3D printing is touted to be one the most groundbreaking technologies of this generation, being able to print out a range of objects that usually require tedious manufacture and assembly. It significantly reduces the time and cost of manufacture, not to mention labor. 3D printing startups have already received millions in funding from various investors and venture capitalists, which has helped improve the technology. But, there are limits to what can be ‘printed out’, instead of manufactured. However, a company named Relativity Space wants to push the boundaries of 3D printing, by printing out rockets. Yes, rockets that can carry satellites.
The space race of the 1960s till the early nineties was between nations competing for dominance. That race is now as hot as ever, with private corporations racing to do what rival nations once did.
Founded by Tim Ellis and Jordan Noone (both worked for Blue Origin and SpaceX respectively), Relativity Space has received $35 million in funding from leading venture capitalists and also a contract from the US government to build a rocket launch facility at Cape Canaveral Air Force Station in Florida. Additionally, the company also bagged a lease at the John C. Stennis Space Centre, a rocket testing facility that belongs to NASA.

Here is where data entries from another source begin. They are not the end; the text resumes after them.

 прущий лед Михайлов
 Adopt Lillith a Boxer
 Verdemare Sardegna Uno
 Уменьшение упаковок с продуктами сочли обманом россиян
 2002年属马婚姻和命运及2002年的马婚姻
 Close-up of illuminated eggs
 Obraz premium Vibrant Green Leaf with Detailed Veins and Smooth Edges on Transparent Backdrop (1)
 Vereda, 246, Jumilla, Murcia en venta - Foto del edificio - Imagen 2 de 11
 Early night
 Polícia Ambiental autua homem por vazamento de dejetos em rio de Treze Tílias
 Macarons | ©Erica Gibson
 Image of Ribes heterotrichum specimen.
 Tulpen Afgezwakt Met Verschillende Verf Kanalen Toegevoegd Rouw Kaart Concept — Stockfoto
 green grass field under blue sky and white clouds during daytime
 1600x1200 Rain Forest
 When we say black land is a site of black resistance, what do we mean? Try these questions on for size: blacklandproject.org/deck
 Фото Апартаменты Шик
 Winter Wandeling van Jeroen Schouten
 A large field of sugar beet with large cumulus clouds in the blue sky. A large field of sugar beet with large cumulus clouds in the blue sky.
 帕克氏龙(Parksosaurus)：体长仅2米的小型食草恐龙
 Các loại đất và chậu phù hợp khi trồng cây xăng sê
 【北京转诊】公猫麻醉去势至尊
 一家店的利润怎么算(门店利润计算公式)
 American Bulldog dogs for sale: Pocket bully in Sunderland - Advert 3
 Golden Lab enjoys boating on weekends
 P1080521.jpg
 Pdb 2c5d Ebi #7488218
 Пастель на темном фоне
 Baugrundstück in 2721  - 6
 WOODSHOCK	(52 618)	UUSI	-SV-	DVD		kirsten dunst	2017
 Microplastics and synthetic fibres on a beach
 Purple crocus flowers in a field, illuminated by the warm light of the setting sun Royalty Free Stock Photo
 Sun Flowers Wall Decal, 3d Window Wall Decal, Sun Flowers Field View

The company claims to have developed a 3D printer of metals, called Stargate which is powered by AI and uses laser sintering to join metals into desired structures. The company aims to build a fully 3D printed rocket that can carry payloads of 1,250 kilograms to orbits at 185 kilometers above the earth. Relativity wants to bring down the price of a launch to $10 million. It will be interesting to see how the startup fares, especially amidst stiff competition from giants like SpaceX, Blue Origin and United Launch Alliance. This could rewrite the rules of space exploration.